### Data section:
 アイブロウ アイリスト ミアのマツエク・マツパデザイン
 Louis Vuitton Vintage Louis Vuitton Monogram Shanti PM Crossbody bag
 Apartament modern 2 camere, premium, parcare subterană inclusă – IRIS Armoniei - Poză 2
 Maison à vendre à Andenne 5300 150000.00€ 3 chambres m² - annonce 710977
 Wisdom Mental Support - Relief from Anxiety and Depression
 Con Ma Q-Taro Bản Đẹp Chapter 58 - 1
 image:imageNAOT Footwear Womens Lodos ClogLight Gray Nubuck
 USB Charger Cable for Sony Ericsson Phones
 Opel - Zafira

### Task brief:
All the records above need to be restated exactly, line by line.

### Solution for this exercise:
 アイブロウ アイリスト ミアのマツエク・マツパデザイン
 Louis Vuitton Vintage Louis Vuitton Monogram Shanti PM Crossbody bag
 Apartament modern 2 camere, premium, parcare subterană inclusă – IRIS Armoniei - Poză 2
 Maison à vendre à Andenne 5300 150000.00€ 3 chambres m² - annonce 710977
 Wisdom Mental Support - Relief from Anxiety and Depression
 Con Ma Q-Taro Bản Đẹp Chapter 58 - 1
 image:imageNAOT Footwear Womens Lodos ClogLight Gray Nubuck
 USB Charger Cable for Sony Ericsson Phones
 Opel - Zafira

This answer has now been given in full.